Oh yeah! It can be frustrating, but like childbirth, good stuff sometimes hurts. Without 3D printing this massive project would not have even been contemplated. I know there are scratch-builders out there who could have fabricated some of this old school, but I can't (or won't). Gibbs and Cox made fabulous 1/4" scale models of US Navy ships and they didn't have CNC, laster cutters or 3D printing.
The ladder rung sets are cleaned up. I used a different end nipper with very sharp edges to carefully remove the supports attached to the rungs themselves and was rewarded with very little breakage. I got three perfect pieces out of the five. I used the Dremel with Flexi-shaft with a spherical diamond burr to clean off the majority of the support nubs on the back. I then attached a piece of self-adhesive fine grit sandpaper to the same piece of tubing that's going to be the central column and finished sanded the back.
With the back contoured correctly, the fit is really good. I won't be installing these until the decks are in place. I will install them before the deck above gets put in place giving me good accees to the column. The Xacto knife gives a good indication of scale.
I put these away in a plastic cup with a lid so nothing will happen to them until I'm ready.
I had sort of a milestone day. The three ring decks are now glued in place. I also used epoxy putty to fill any remaining gaps to the shell walls and waiting for that to cure.
Before installing the number 2 ring, I needed to do a slight modification to the ring. The powder flat walls, being 3D printed, were not perfectly circular and the projectile flat didn't sit nicely on it. It would rest on one side, but fall in on the other. I made a single-layer, slightly smalled i.d. ring, and glued this to the projectile flat one's ring bottom, thereby making a nice seat for the proj flat to rest on.
There were some gaps in the ring's fit due to some slight out-of-roundness of the shell. I made some 0.040" shims that I glued to the ring before installing. I tapered the ends of the shim so it would transition smoothly to the areas that fit tightly.

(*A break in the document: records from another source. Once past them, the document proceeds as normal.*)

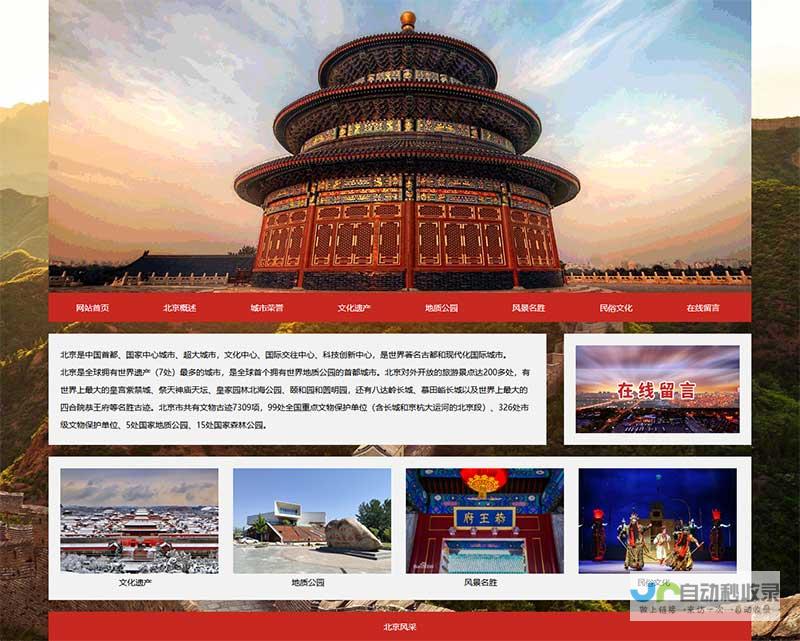 专业的网站建设解决方案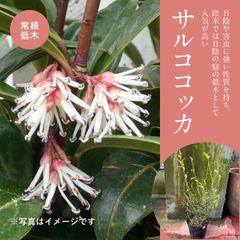 サルココッカ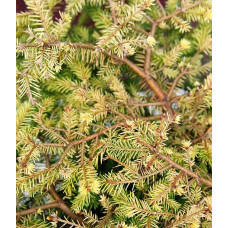 Ялина звичайна / європейська Вермонт Голд | Picea abies Vermont Gold | Ель обыкновенная / европейская Вермонт Голд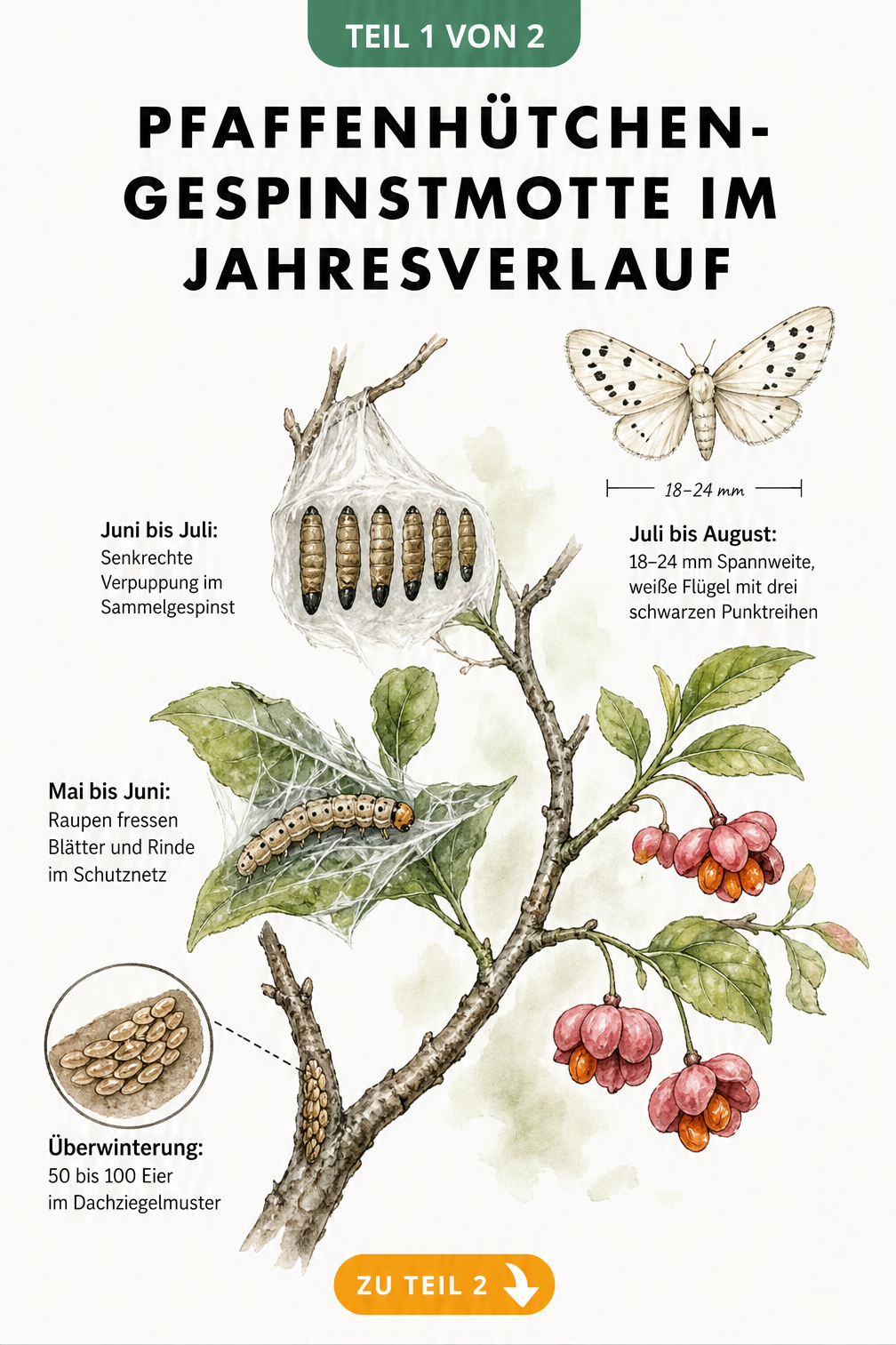 Aquarell-Illustration der vier Lebensstadien der Pfaffenhütchen-Gespinstmotte an einem Zweig
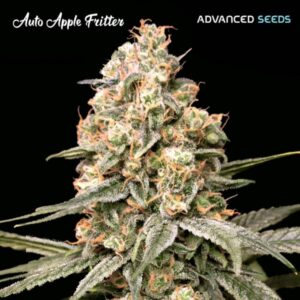 Auto Apple Fritter Advanced Seeds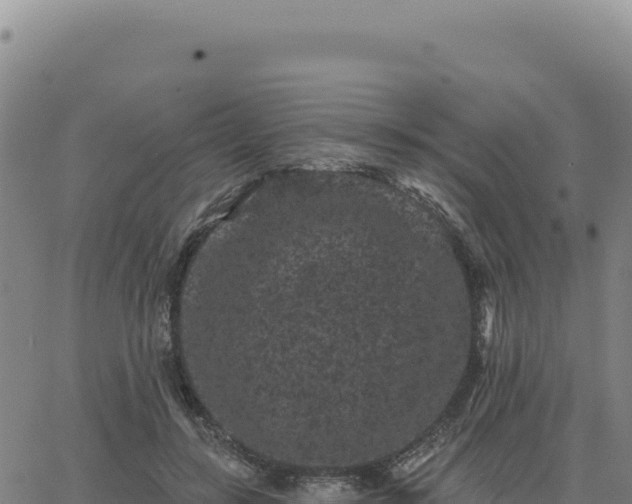 X0000063480547200601271657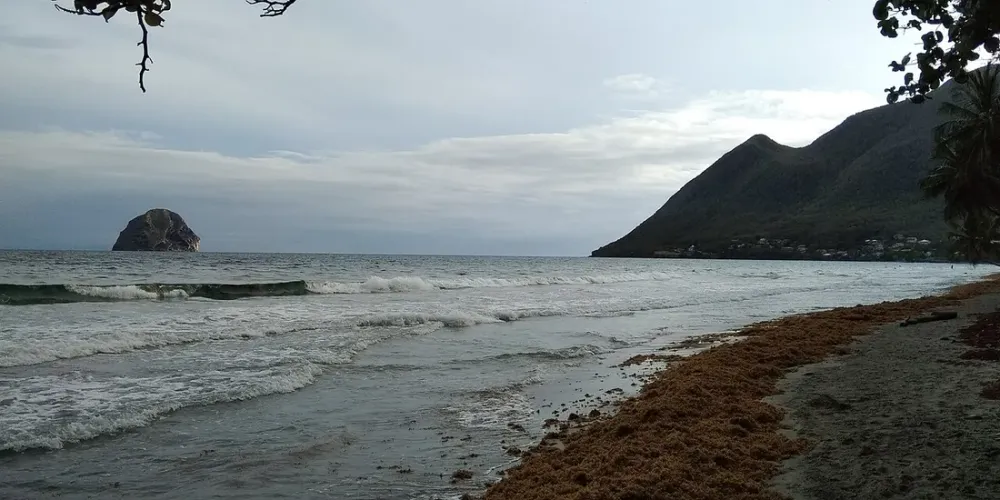 Sargasses, vue mer et tarification : adapter son meublé côté atlantique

With that change, I was able to assemble, not glue, the #1 projectile flat ring which now rested squarey on the powder flat, and tested this by dropping the projectile flat onto this. When it was aligned nicely, I first used solvent cement, and then filled bigger gaps using Testor's tube cement. I let this cure a bit and then got ready to do proj. flat's #2 ring.
My concept of notching the ring to fit into the spaces between the 3D printed transition pieces didn't work. Reason? When the lower ring was actually glued in and tight, the cylinder no longer flexed enough to get this ring in with those nubs sticking out. They had to go. No loss... I also shaved some stock off the lower ring in the assembly so it would slip over that sharp edge of the 3D printed transition pieces. With that change the ring got into position. I double checked by height marks on the cylinder's i.d. since the stack was now 0.040" higher due to that extra spacer ring I added to proj ring #1. I then set a small combination square to that depth. I started gluing at one quadrant with the ring pressed up against the square, then went across the diameter, and again pressed it against the square and glued it. I finished up with the other two quadrants using the square.
This ring needed to be glued in with CA since the UV resin is unaffected by solvent cement. I used only med. CA. I went around once, added more accelerator, and then filled more gaps. There were still more gaps. In this case I used Milliput epoxy putty. The material was still not fully cured at the end of the session. I will do some final finishing on this tomorrow.
I could now go back and remove the powder flat and finally glue the bottom ring into place. Again, I used a combination of solvent cement, tube cement and med CA. With the lower edges of the truncated flat finally glued to the bottom. I went around and did final sanding and filling of the lower cylindrical structure.
I measured the spacing for parallelism between proj deck 1 and 2 and was rewarded by the tolerance of a max of .004" around the circumference. This accuacy will be appreciated when installing the deckf supports.
Everthing will be cured tomorrow and I will do any final finishing. I will then glue the barbette portion in place. When that's dry, the GREAT SPLITTING will take place and we'll see how it all hangs togther. After splitting I'll install any angle supports and deck girders (already printed) and then do the priming and painting of this major structure.